Skip the pictures. Retype exactly, and only, the lines between the line holding "腰椎ヘルニア、腰痛、坐骨神経痛、ルート治療、ルート鍼、福岡市南区" and the last line below, inclusive.

[Short web captions]
━━━━━━━━━━

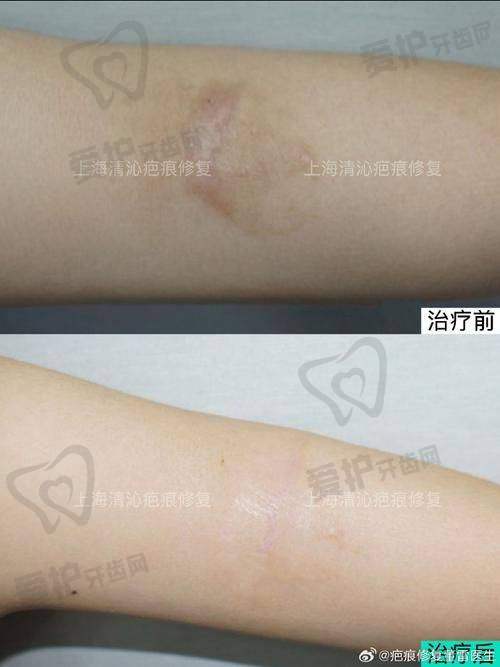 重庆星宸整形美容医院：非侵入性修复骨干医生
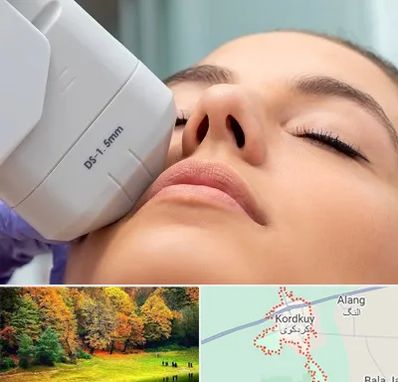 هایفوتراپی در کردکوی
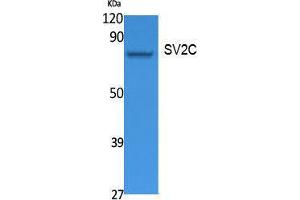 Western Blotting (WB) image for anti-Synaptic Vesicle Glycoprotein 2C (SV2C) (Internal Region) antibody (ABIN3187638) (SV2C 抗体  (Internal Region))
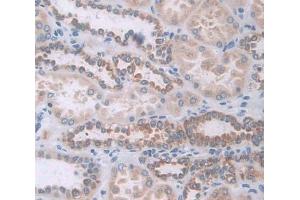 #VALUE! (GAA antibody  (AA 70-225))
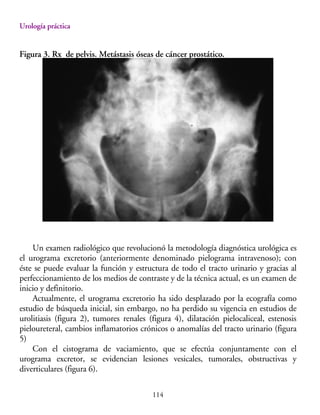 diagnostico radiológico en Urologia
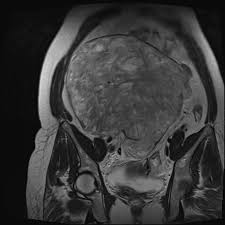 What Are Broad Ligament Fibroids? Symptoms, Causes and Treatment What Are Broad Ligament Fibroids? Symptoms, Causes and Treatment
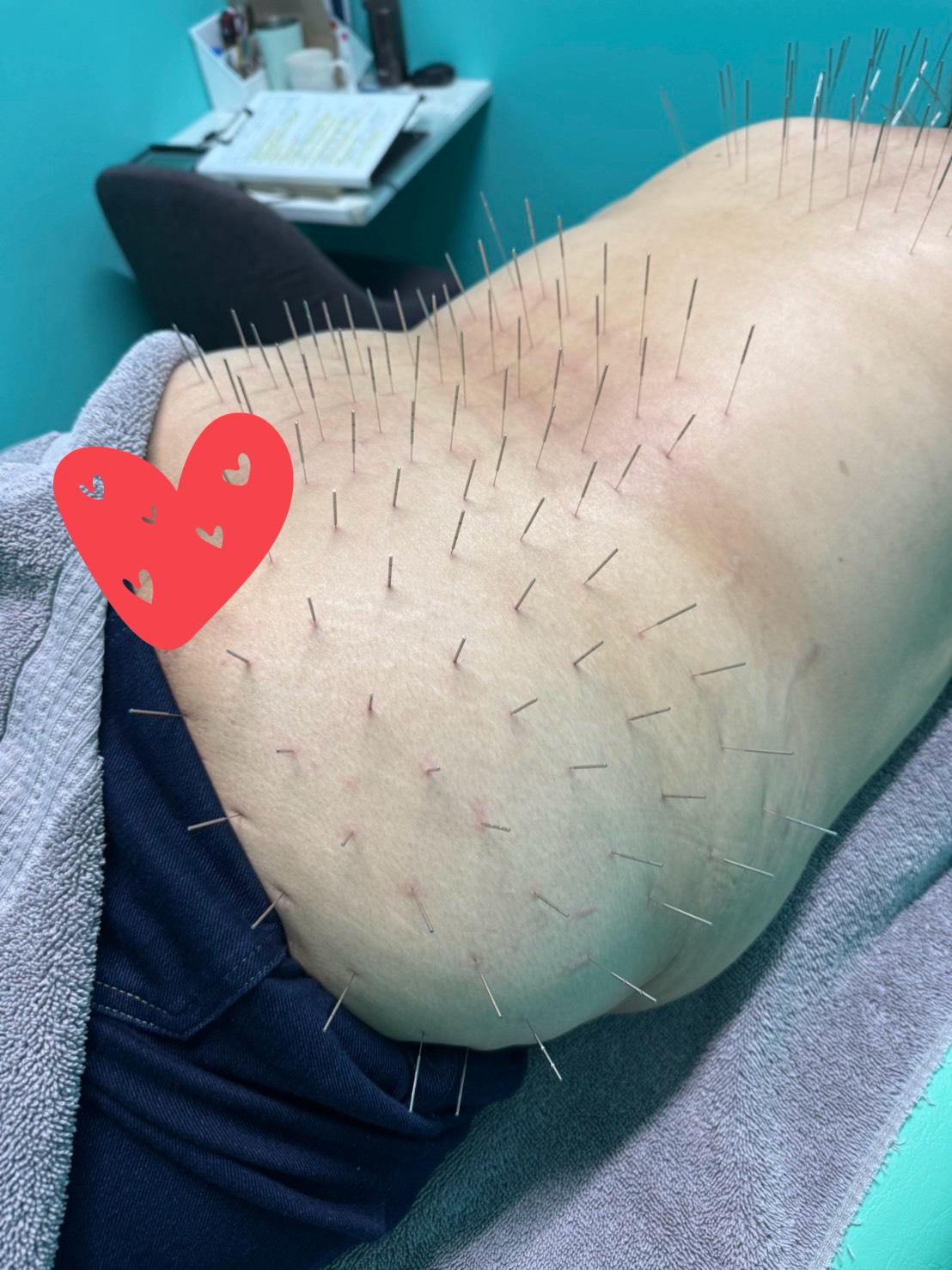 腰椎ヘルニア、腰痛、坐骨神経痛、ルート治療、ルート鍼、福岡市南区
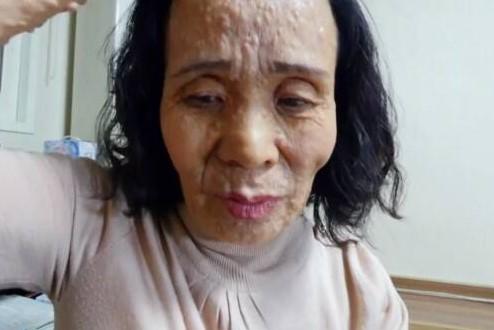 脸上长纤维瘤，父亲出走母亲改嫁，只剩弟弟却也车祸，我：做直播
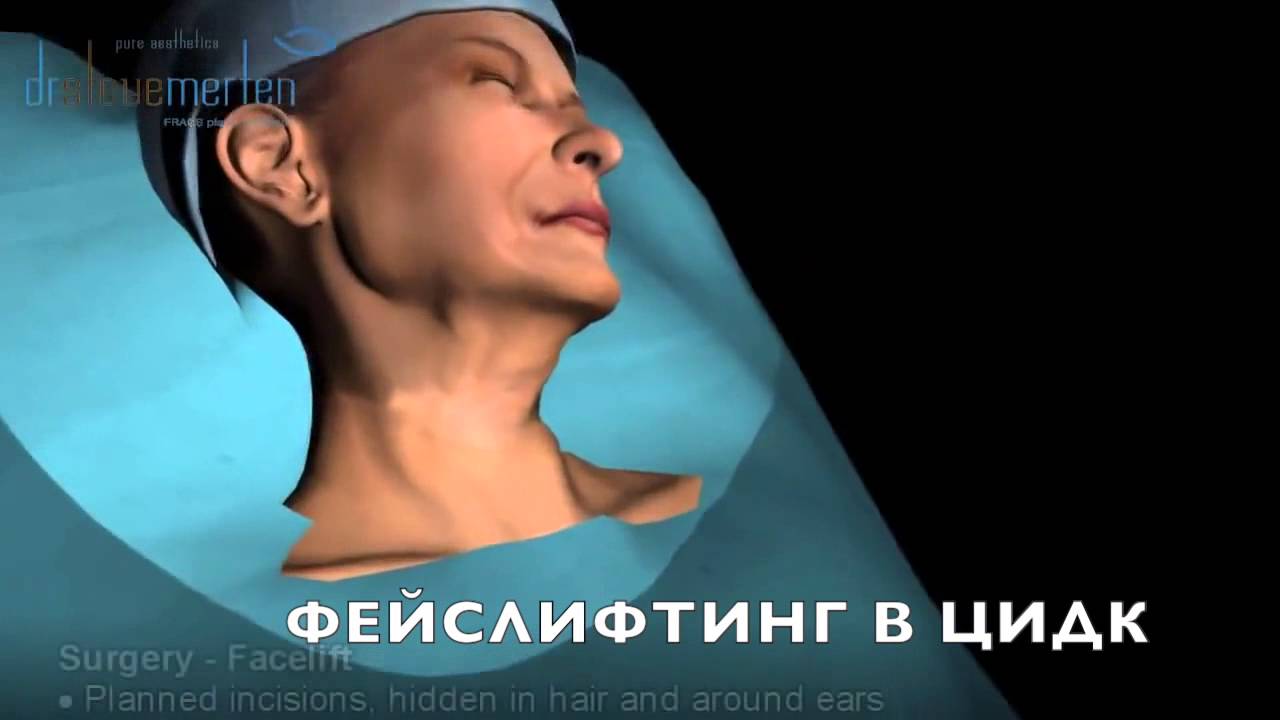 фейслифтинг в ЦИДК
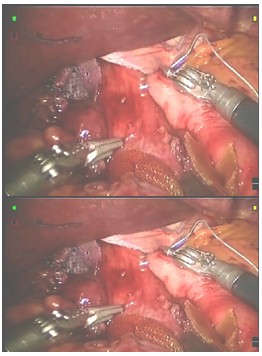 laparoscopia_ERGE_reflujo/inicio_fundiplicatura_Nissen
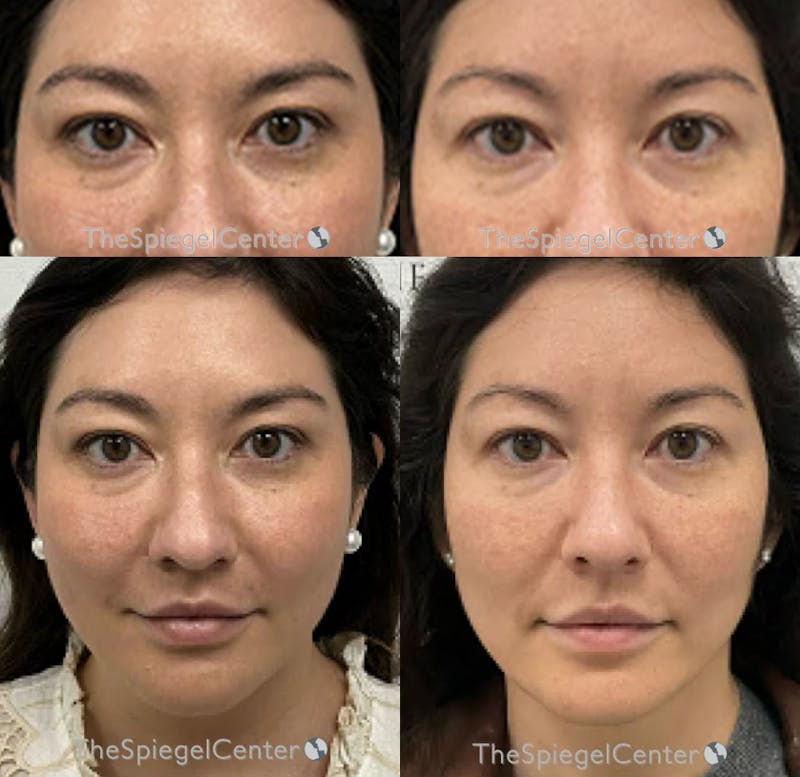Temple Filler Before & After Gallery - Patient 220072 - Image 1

━━━━━━━━━━

- EXPECTED OUTPUT -
 腰椎ヘルニア、腰痛、坐骨神経痛、ルート治療、ルート鍼、福岡市南区
 脸上长纤维瘤，父亲出走母亲改嫁，只剩弟弟却也车祸，我：做直播
 фейслифтинг в ЦИДК
 laparoscopia_ERGE_reflujo/inicio_fundiplicatura_Nissen
Temple Filler Before & After Gallery - Patient 220072 - Image 1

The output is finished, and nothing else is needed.